START Collected data

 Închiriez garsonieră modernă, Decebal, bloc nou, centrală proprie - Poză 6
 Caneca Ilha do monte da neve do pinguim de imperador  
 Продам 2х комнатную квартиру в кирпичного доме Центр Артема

END Collected data

* Problem to work on *
Using the listing above, reproduce each line without omission.

* Answer to this exercise *
 Închiriez garsonieră modernă, Decebal, bloc nou, centrală proprie - Poză 6
 Caneca Ilha do monte da neve do pinguim de imperador  
 Продам 2х комнатную квартиру в кирпичного доме Центр Артема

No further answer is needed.